## TASK STATEMENT:
Extract all lines from the data beneath that include the word "Color".

## STORED DATA:
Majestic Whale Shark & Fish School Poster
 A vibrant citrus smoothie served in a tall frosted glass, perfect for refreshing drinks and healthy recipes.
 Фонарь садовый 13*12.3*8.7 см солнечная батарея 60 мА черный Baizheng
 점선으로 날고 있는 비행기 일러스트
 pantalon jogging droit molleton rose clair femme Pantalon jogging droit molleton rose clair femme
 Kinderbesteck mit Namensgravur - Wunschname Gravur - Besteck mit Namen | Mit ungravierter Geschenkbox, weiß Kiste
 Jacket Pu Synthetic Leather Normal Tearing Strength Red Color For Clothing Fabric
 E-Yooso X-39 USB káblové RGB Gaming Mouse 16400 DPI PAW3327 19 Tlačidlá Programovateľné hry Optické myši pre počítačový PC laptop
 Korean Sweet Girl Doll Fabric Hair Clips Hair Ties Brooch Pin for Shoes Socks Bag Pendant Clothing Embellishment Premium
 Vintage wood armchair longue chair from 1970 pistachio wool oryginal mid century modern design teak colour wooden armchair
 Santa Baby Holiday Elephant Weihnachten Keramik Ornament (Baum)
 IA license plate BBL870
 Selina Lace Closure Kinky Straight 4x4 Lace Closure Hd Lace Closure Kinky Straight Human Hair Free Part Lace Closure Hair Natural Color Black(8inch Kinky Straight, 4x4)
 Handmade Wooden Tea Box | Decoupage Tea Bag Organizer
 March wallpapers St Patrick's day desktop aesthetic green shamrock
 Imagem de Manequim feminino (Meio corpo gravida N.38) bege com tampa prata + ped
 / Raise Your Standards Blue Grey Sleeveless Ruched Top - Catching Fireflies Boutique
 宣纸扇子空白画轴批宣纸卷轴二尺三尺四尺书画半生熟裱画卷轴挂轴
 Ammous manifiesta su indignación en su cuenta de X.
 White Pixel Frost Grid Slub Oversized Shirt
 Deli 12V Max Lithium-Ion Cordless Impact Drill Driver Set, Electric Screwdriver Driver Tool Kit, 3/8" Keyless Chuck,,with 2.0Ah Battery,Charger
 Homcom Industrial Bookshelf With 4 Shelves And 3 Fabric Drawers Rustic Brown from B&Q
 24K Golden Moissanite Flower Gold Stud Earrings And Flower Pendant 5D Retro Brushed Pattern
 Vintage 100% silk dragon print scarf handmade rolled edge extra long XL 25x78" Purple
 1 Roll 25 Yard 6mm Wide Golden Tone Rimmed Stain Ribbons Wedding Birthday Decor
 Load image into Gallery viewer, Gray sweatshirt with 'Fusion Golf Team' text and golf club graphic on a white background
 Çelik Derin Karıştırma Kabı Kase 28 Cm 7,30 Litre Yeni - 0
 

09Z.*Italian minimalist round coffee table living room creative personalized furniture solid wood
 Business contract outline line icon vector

## ANSWER FOR THIS EXERCISE:
 Jacket Pu Synthetic Leather Normal Tearing Strength Red Color For Clothing Fabric
 Selina Lace Closure Kinky Straight 4x4 Lace Closure Hd Lace Closure Kinky Straight Human Hair Free Part Lace Closure Hair Natural Color Black(8inch Kinky Straight, 4x4)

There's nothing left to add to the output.